Angesichts des Erdbebens lobt das Wall Street Journal Augusto Pinochet

In einem Leitartikel vom Montag mit dem Titel "Zwei Erdbeben - und was sie uns zeigen" vergleicht das Wall Street Journal das enorme Erdbeben in Chile vom Samstag mit dem Ausmaß der menschlichen Katastrophe, die sich in Haiti entwickelt hat.

Die Zeitung beruft sich auf die viel größeren Opferzahlen und Zerstörungen in Haiti und lobt die vergleichsweise bessere Vorbereitung auf eine solche Katastrophe in Chile. In dem Artikel heißt es: "Aber eine solche Vorbereitung ist der Luxus eines blühenden Landes im Unterschied zu dem heruntergekommenen und schlecht regierten Haiti. Chile hat in den letzten Jahrzehnten enorm von den Marktreformen der 1970er Jahre unter Diktator Augusto Pinochet profitiert."

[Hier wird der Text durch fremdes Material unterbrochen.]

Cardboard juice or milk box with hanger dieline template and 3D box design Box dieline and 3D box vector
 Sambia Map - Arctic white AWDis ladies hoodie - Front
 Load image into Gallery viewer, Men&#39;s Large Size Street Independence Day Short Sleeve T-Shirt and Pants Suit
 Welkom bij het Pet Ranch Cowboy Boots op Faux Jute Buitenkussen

Man könnte den Ausdruck prägen: "Lüge - aber wenigstens so, dass es Sinn macht."

Die Bevölkerung in Haiti lebt vor allem deswegen in tiefster Armut, weil die kleine Insel ein Jahrhundert lang direkt unter dem Daumen der USA stand und zum Teil Jahrzehnte lange militärische Besetzungen ertragen musste. Die USA stützten die verhasste und brutale Diktatur von Papa Doc und Baby Doc Duvalier, die von 1957 bis 1986 dauerte.

In der jüngsten Zeit haben Washington und die globale Finanzwirtschaft Haiti "marktwirtschaftliche" Reformen verordnet - mit katastrophalen Folgen für die Bevölkerung. Das ist genau der wirtschaftspolitische Kurs, der laut dem Journal Chile beim Erdbeben vor einem viel größeren Verlust an Menschenleben bewahrt haben soll. Die Kleinbauern Haitis wurden ruiniert und in die fürchterlichen Slums von Port-au-Prince getrieben, die als die schlimmsten der westlichen Hemisphäre gelten. Eventuell noch vorhandene soziale Infrastruktur und soziale Netzwerke wurden zerstört, was bei dem Erdbeben vom 12. Januar zu Tod und Zerstörung beitrug.

Chile erfuhr eine andere historische und soziale Entwicklung. Es erlangte schon 1818 seine Unabhängigkeit von Spanien, und obwohl sich die soziale Struktur kaum veränderte und die Bevölkerung nur wenige Vorteile von der Unabhängigkeit hatte, geriet das Land nicht, wie Haiti, unter die direkte Kontrolle der USA.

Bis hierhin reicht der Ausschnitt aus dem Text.